Image-text web data:
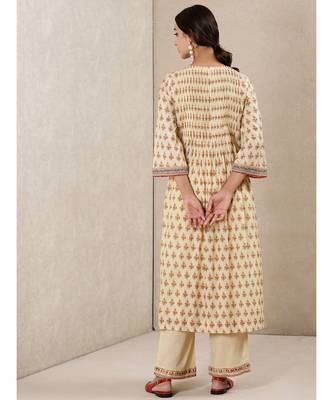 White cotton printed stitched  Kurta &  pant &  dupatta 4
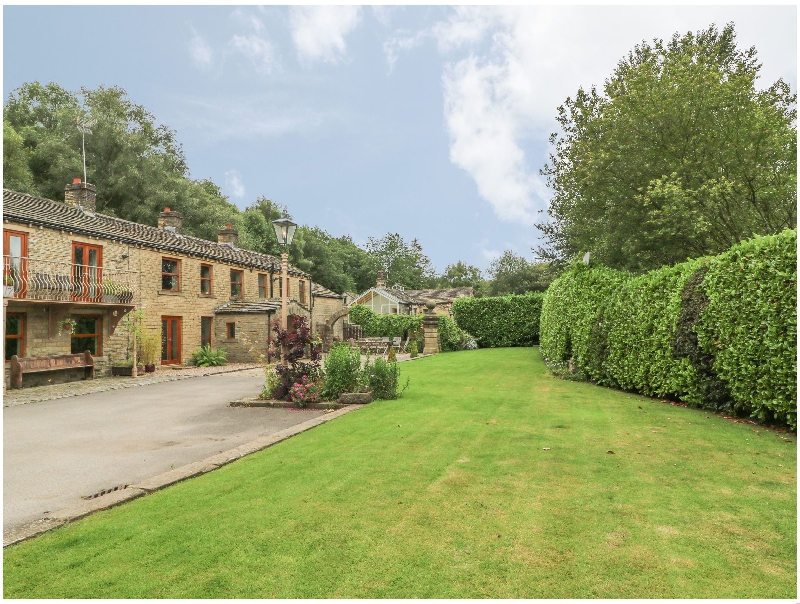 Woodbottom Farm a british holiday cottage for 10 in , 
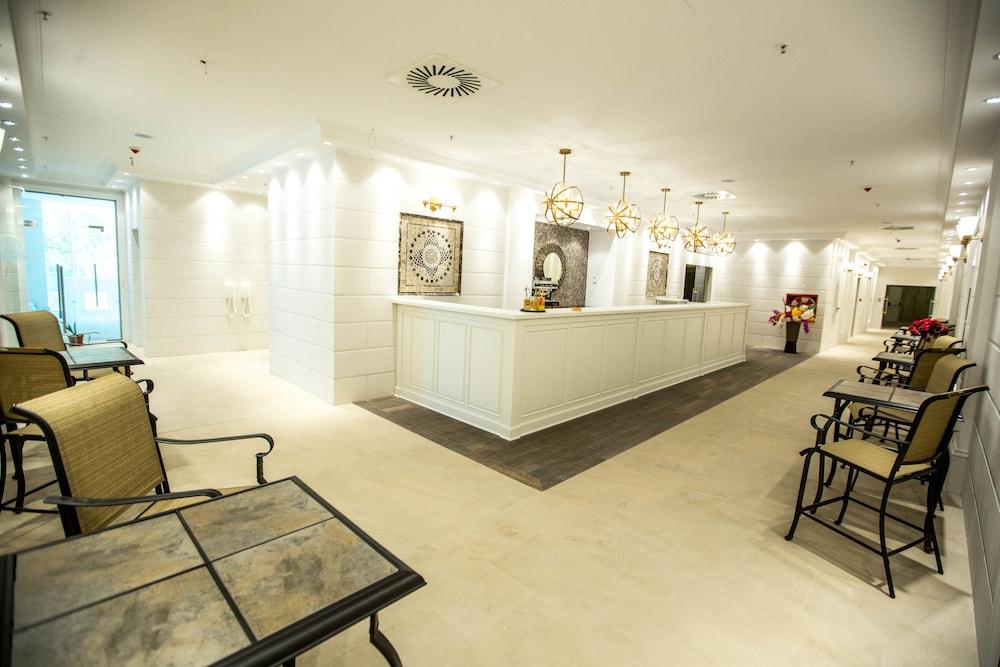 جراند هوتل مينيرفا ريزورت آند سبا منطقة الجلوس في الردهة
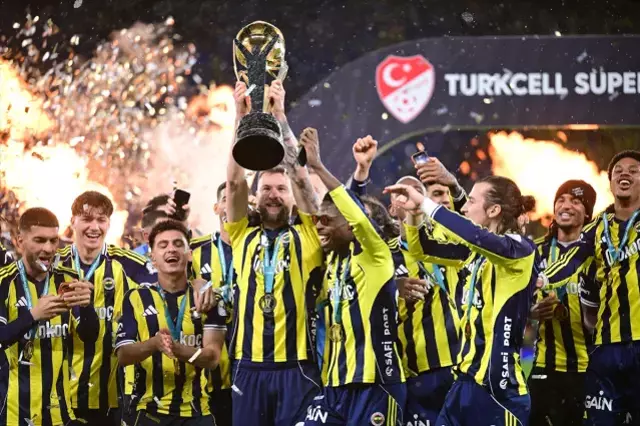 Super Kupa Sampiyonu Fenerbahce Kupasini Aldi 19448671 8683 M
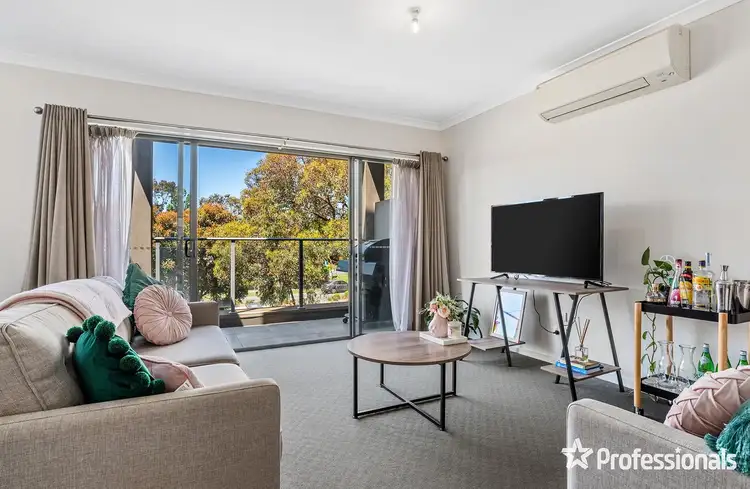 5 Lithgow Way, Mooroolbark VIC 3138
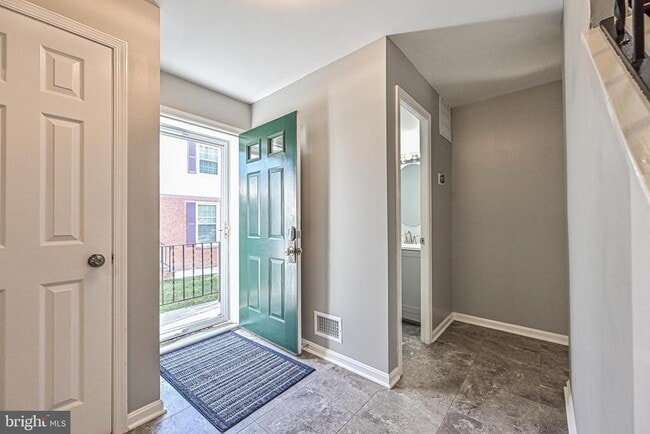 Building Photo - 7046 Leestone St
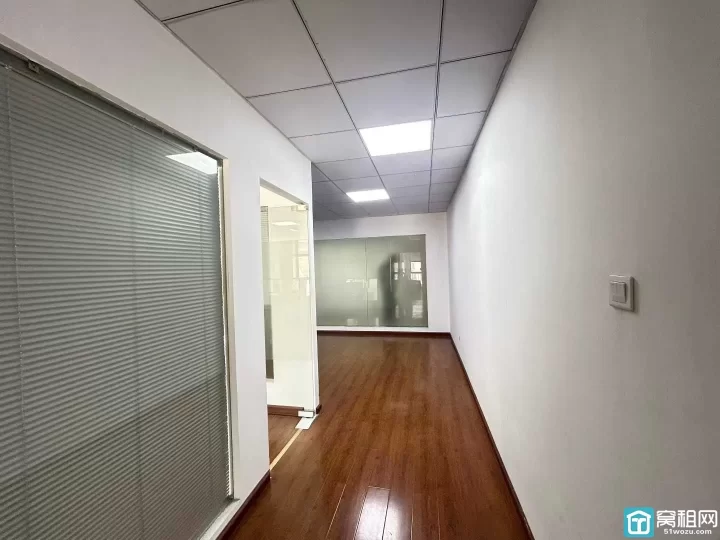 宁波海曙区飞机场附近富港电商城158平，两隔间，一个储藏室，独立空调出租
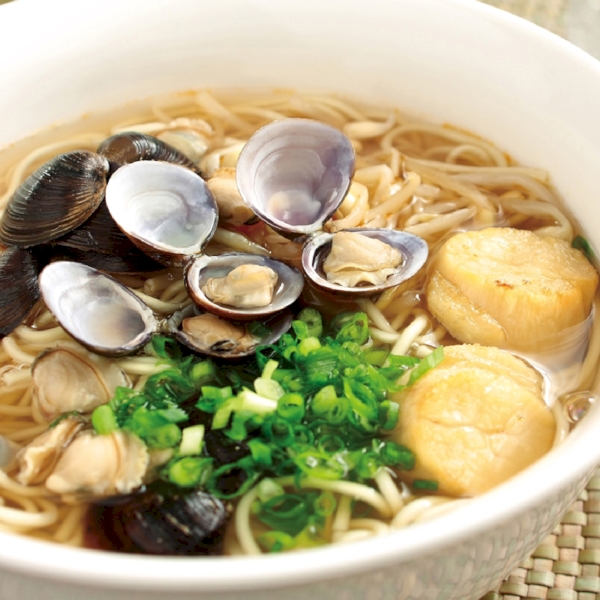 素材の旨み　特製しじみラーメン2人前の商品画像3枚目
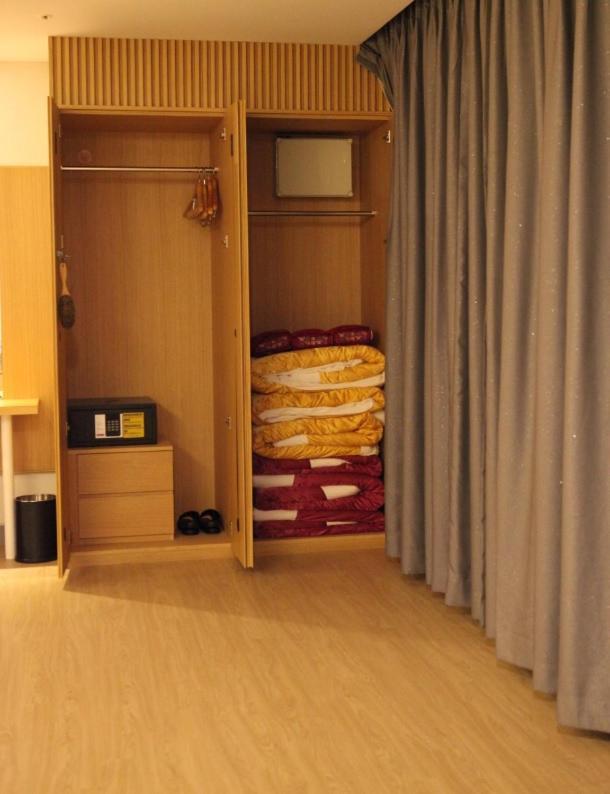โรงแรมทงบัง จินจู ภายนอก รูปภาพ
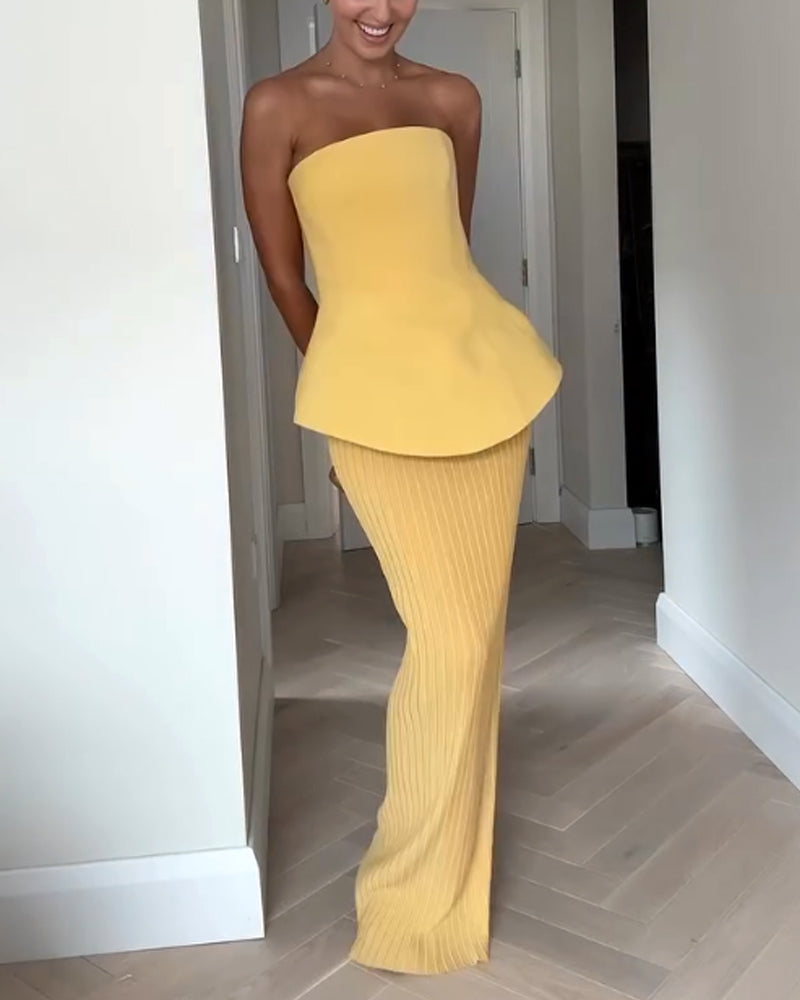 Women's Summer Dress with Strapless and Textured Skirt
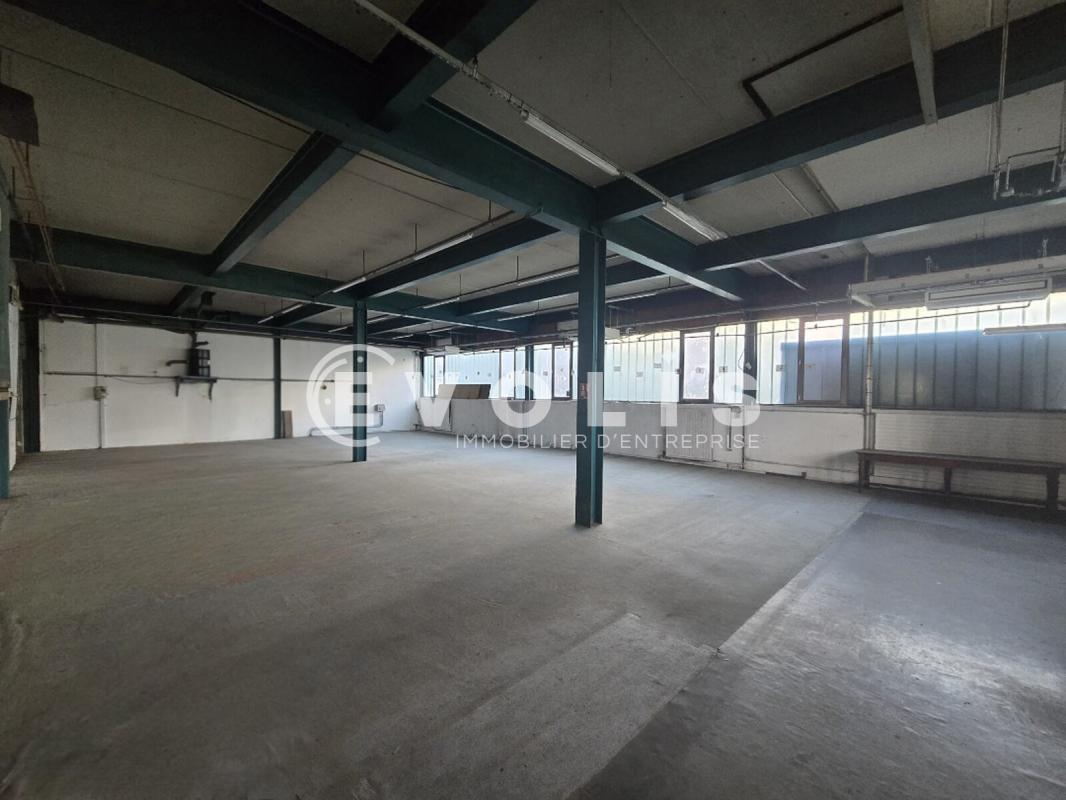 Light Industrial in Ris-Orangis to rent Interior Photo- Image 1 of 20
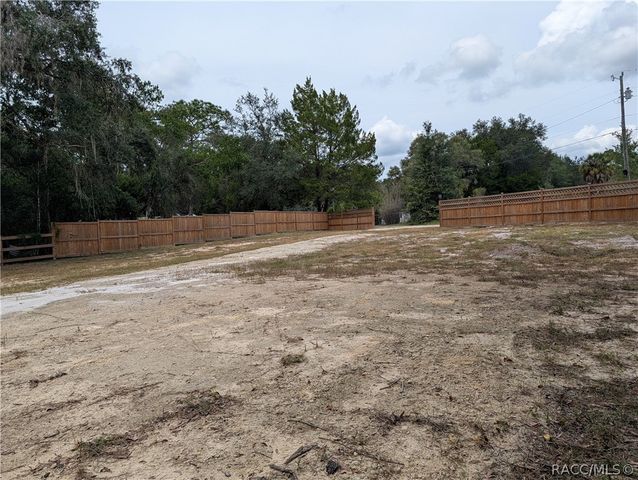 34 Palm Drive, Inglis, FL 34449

◆ **Aim of the task**: What the answer must hold is the exact text of every line from the one containing "โรงแรมทงบัง จินจู ภายนอก รูปภาพ" through the end of the data, minus any pictures.

◆ **Completed task**:
โรงแรมทงบัง จินจู ภายนอก รูปภาพ
 Women's Summer Dress with Strapless and Textured Skirt
 Light Industrial in Ris-Orangis to rent Interior Photo- Image 1 of 20
 34 Palm Drive, Inglis, FL 34449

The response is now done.